Lately I have been doing a lot of self-reflecting. And one of the biggest walls I keep hitting can be summarized by any one of these questions: What is my long-term goal? What is my life’s “Destination”? Or as we have heard since we were kids, “What do you want to be when you grow up?”
No matter how you word it, it unnerves me that I still have no clue what to respond. I often find myself frustrated that I don’t have a concrete answer to this question.
However, I do know pieces of what I want: To be happy; filled with over whelming joy and gratitude for the life I live. To live in the present, with no worries about the past or future. Financial stability. A garden. To create; to see ideas become realities. To feel a sense of accomplishment every day. To always continue to learn. To explore and enjoy the thrill and beauty of this life we are so blessed to be living; every struggle, every achievement. To be a mother; to bring life into this world and share the journey and adventure as a mentor and a partner as my parents have done for me.
When it comes to my career, I have no idea… I want to help people find solutions. I want to team up to help make dreams and visions come true. I want to inspire courage, passion and confidence in others. I want to support small businesses so that they can become profitable and create opportunities for new possibilities and growth. But where does that lead me?

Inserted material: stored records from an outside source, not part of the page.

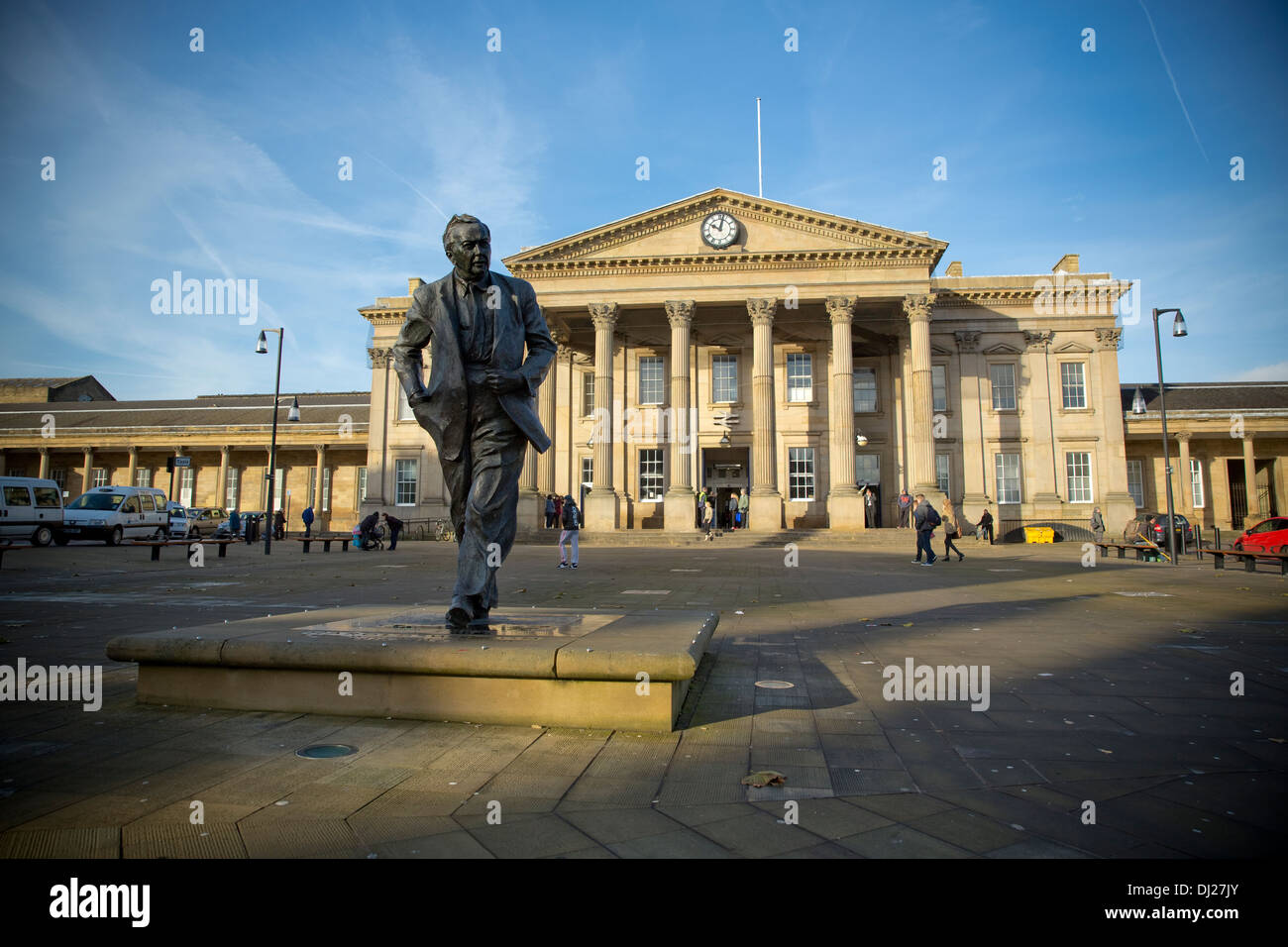 Harold Wilson Prime Minister Statue outside Huddersfield Railway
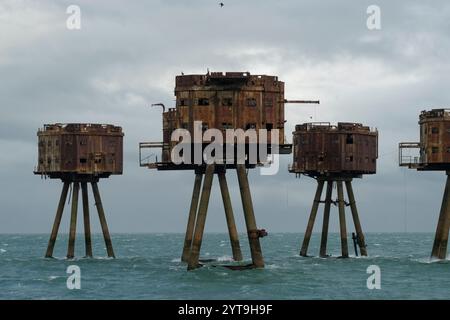 Red Sands sea forts shot on an overcast and rainy day, designed by Guy Maunsell to defend London from air strikes during the Second World War. They we Stock Photo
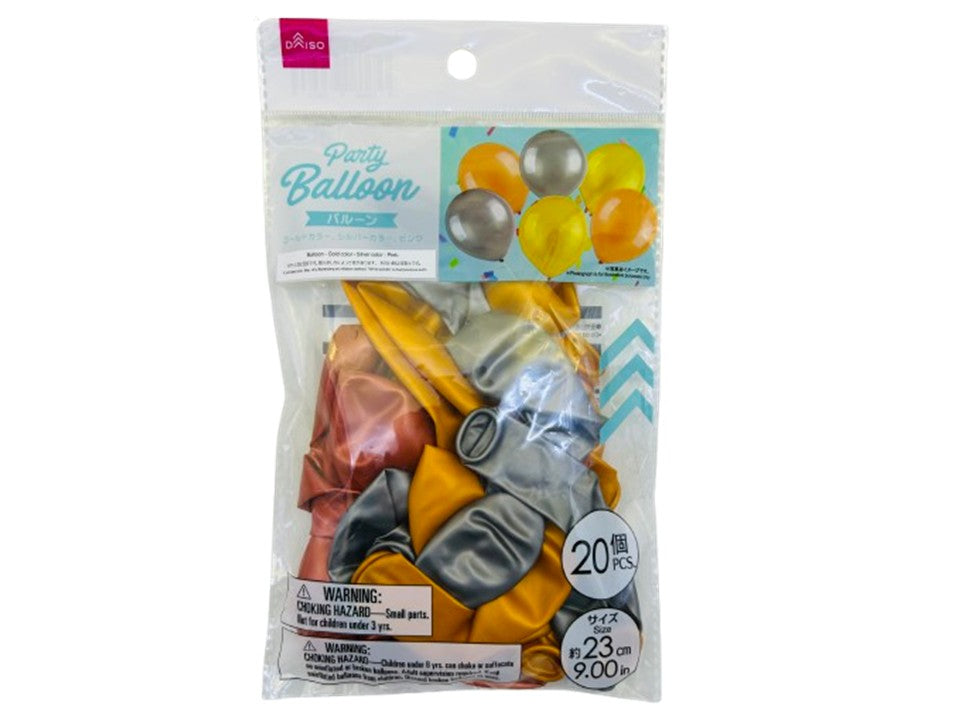 バルーン（約９インチ、２０個、ゴールドカラー、シルバーカラー、ピンク） ダイソー(DAISO)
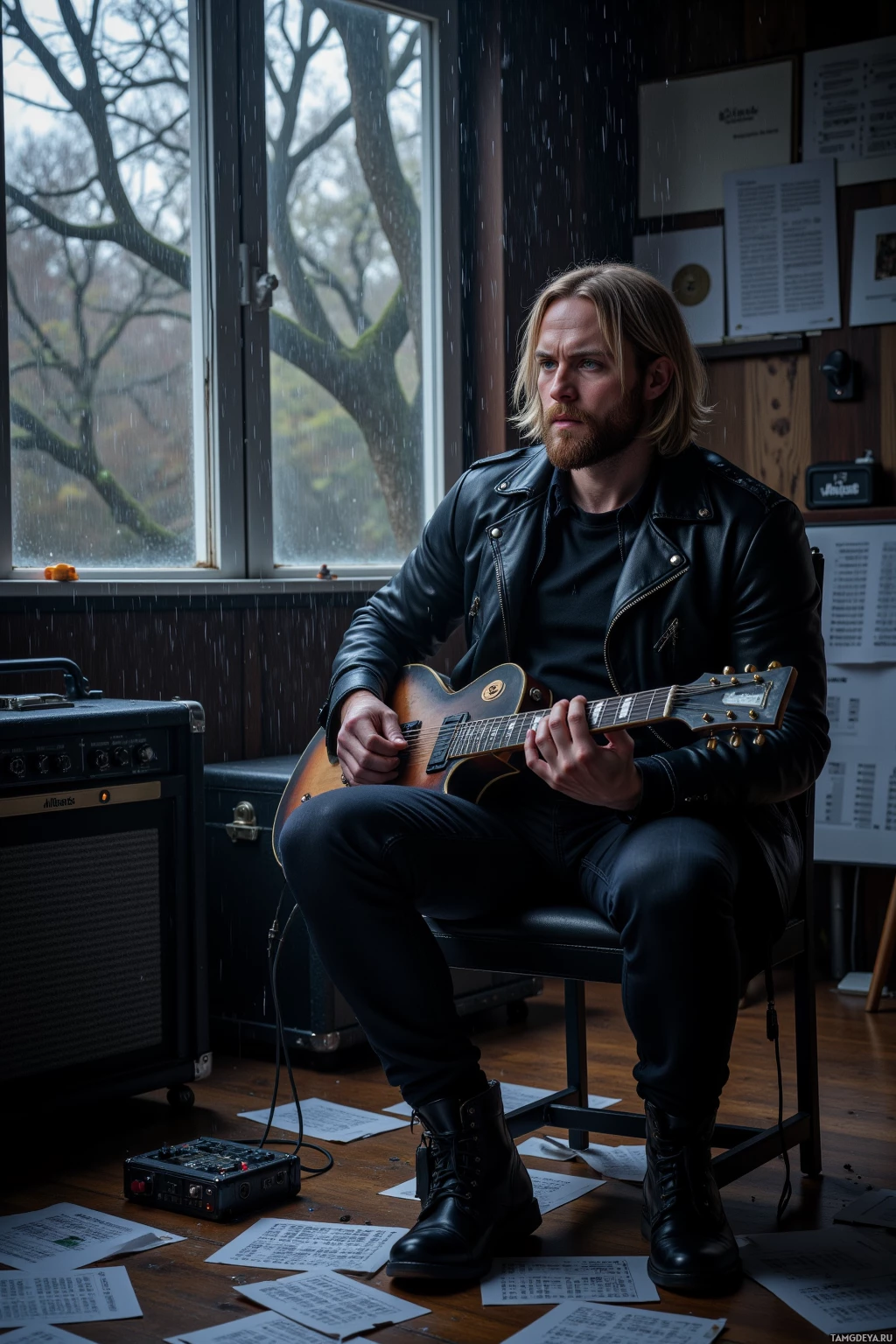 A person sits in a chair playing a guitar in a room with a window showing rain.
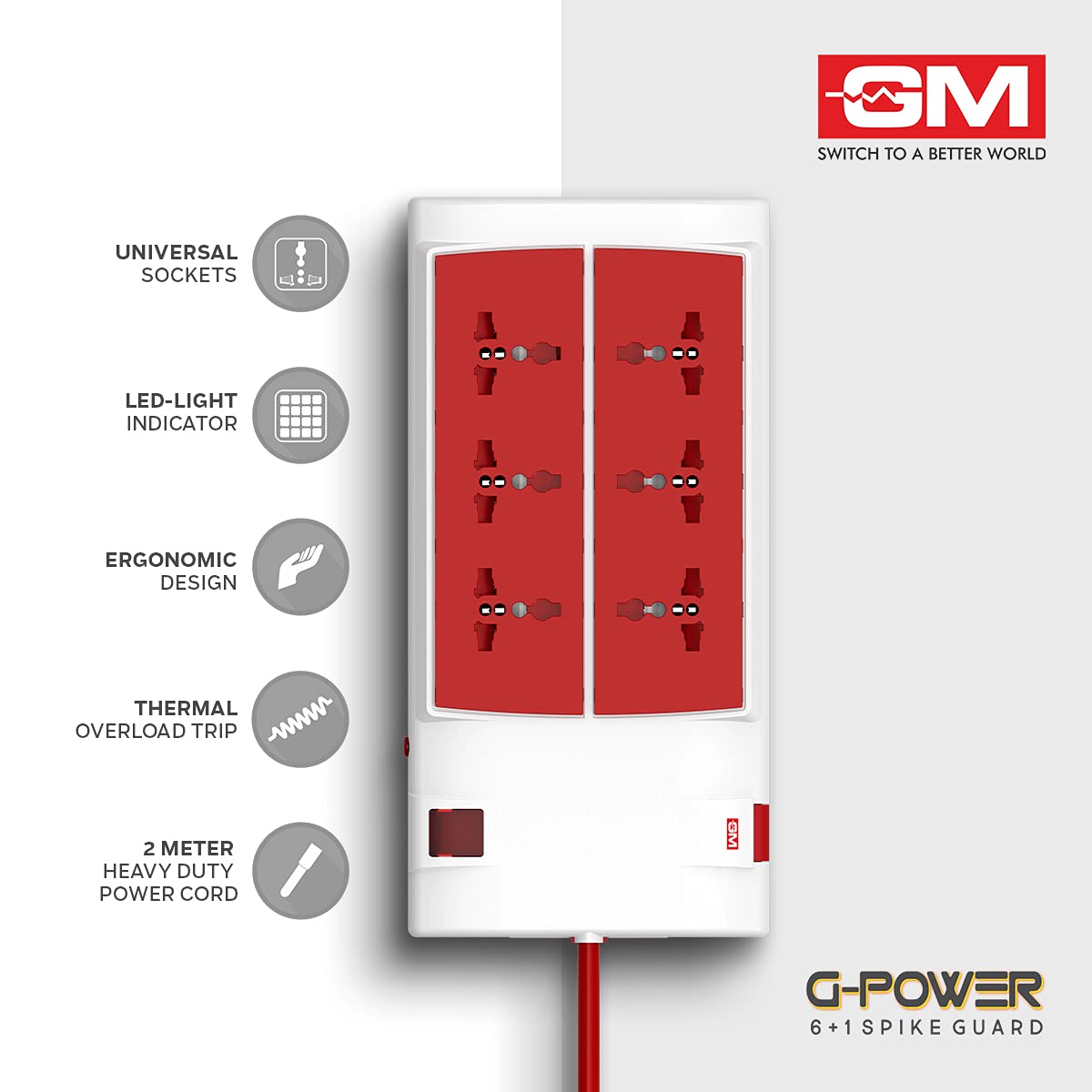 GM 3059 G-Power 6+1 Spike Adaptor with Master Switch, Indicator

Recently I watched a great TEDx talk by Sean Aiken called “What Makes You Come Alive.” It was about his journey trying to find the right ‘job’ for him. He tried 52 jobs in one year, one job per week. Time and time again found people who were really passionate about what they did, even when he could not share that passion for it. One quote from Howard Thurman really stuck with me:
Maybe I don’t need to have a clear and definite goal, a labeled job title that I am aiming for. Maybe I need to trust and enjoy every step of life for what it is; an adventure. I need to continue to find and explore the things that make me come alive, and not worry about the ‘end goal’, not worry if my destination isn’t a clearly mapped point on a chart, or even a readily blazed trail. Maybe it is time to trust – trust that all things that I am doing now are exactly the things I need to be doing.